It was a moment of the kind Parliament is not supposed to provide anymore—not, at least, in the eyes of the endless drama critics who bemoan its fallen state. Conservative backbencher Stephen Woodworth had introduced a motion demanding that the House of Commons appoint a special committee to investigate the definition of a “human being” in the Criminal Code section concerning homicide:
“A child becomes a human being within the meaning of this Act when it has completely proceeded, in a living state, from the body of its mother, whether or not it has breathed, it has an independent circulation, or the navel string is severed.”
This language has come down to us basically verbatim from the original Criminal Code of 1892. Woodworth finds the definition puzzling, given the scientific evidence gathered since.
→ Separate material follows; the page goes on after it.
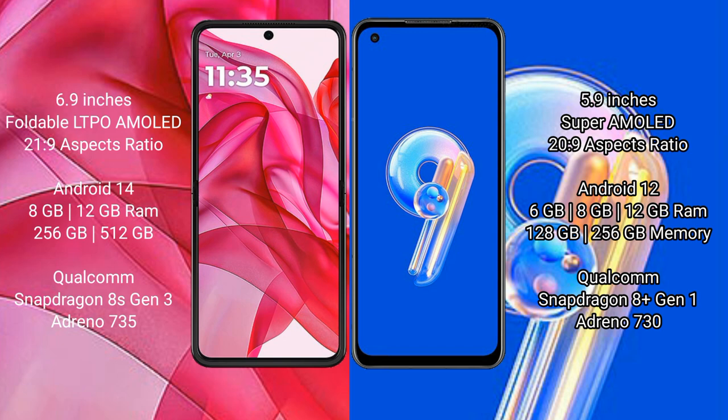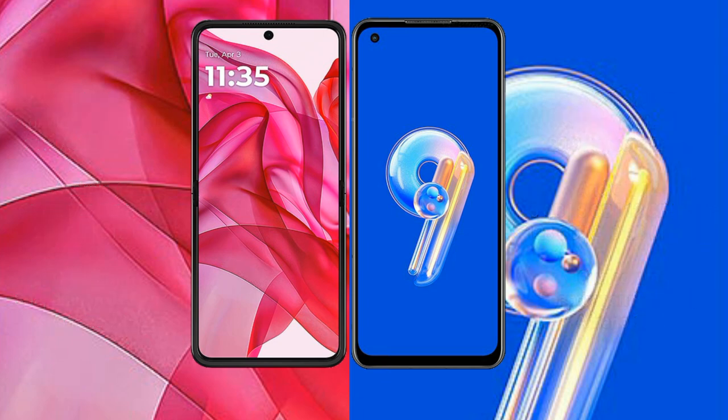Asus Zenfone 9 comes with 6GB, 8GB, and 16GB RAM and 128GB and 256GB internal storage, with a Qualcomm Snapdragon 8 Gen 1 processor and GPU Adreno 730.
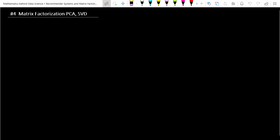Let's see how the matrix factorization technique is applicable on the recommender system. In this lecture, we are going to learn how these matrix factorization techniques are applicable on principal component analysis and SVD — singular value decomposition technique. We'll connect the dots between these two.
Perhaps he thinks that the Victorians, with their passion for anatomy and experimentation, did not know that a fetus, midway through its gestation, already possesses many of the incipient traits and physical characteristics of a human being. In any event, Woodworth’s private member’s motion called for a hearing of medical evidence concerning whether “a child is or is not a human being before the moment of complete birth.”
Woodworth’s motion was widely discussed before coming to the floor, though most of the curiosity concerned whether the opposition leaders would break from the normal procedure on private members’ business and insist on caucus unity in defence of abortion. (The Liberals’ Bob Rae refused to apply the whip. The NDP’s Thomas Mulcair boasted that he wouldn’t need to.)
Woodworth defended his plan with great passion and dramatic gestures, receiving a smattering of applause as he quoted from Émile Zola’s intervention in France’s Dreyfus Affair of the 1890s: “I denounce to the conscience of honest people this pressure brought to bear upon the justice of our country.” Opposition members seized on this as a signal of the Conservatives’ “hidden agenda” surrounding abortion. “What I find dishonest about this speech is that, in reality, what the member wants to do is recriminalize abortion,” complained Liberal Denis Coderre. “We will end up criminalizing abortion again,” agreed the NDP’s Françoise Boivin. Hedy Fry rambled on, Fry-like, about everything from multiple sclerosis to The Handmaid’s Tale.
And then Gordon O’Connor rose from his seat on the government side, immediately behind the Prime Minister. O’Connor, a retired brigadier-general, is the chief Conservative whip—the living symbol, in other words, of the ministry’s discipline and unity. His words bit with surprising sharpness. “The House of Commons . . . is not a laboratory,” he admonished Woodworth. “It is not a house of faith, an academic setting or a hospital. It is a legislature, and a legislature deals with law.” The Criminal Code definition of a human being, he said, is not a medical one; it is a purely legal test defining the moment when personal rights receive protection independent from those of the mother. It is quite reasonable, he added, that this should happen at the moment of their physical separation.
O’Connor went further. He denounced the oft-repeated right-wing heckle that abortion is “unregulated” in Canada. It happens to be absent from the criminal law, O’Connor observed, but the provinces regulate their medical professions, and the doctors in turn regulate their own conduct. The provincial governments and the medical colleges have agreed that since abortion cannot be abolished, it ought to be provided safely by, and to those whose private judgment allows for it. “The decision of whether or not to terminate a pregnancy is essentially a moral decision,” said the whip, “and in a free and democratic society, the conscience of the individual must be paramount and take precedence over that of the state.”
O’Connor concluded by reaffirming that the Conservative determination not to reopen Canada’s abortion debate is unwavering. “Society has moved on and I do not believe this proposal should proceed,” he said. “As well, it is in opposition to our government’s position. Accordingly I will not support [this] motion. I will vote against it and I recommend that others oppose it.” Bizarrely, this firm declaration of principles did not derail the opposition clamour: the NDP’s Niki Ashton complained that the Conservatives had a “Trojan Horse agenda” and would “turn the clock back” on reproductive rights the minute they were able. (Isn’t a Trojan Horse something you park outside the walls of a place you haven’t conquered yet? Why would the Conservatives need one?)
What is interesting about O’Connor’s brief speech is that it frames reproductive choice as a matter of small-C conservative principles. He appealed not only to libertarian considerations of individual conscience, but to the idea that regulations should be made at the political level closest to the citizen. Viewed in this light, the Harper rule against legislating on abortion is not just a convenient, cynical means to social peace and election success. It suggests the influence within the government caucus of a Charter-friendly breed of conservative, one whose first instinct is not always to “stand athwart history yelling, stop.”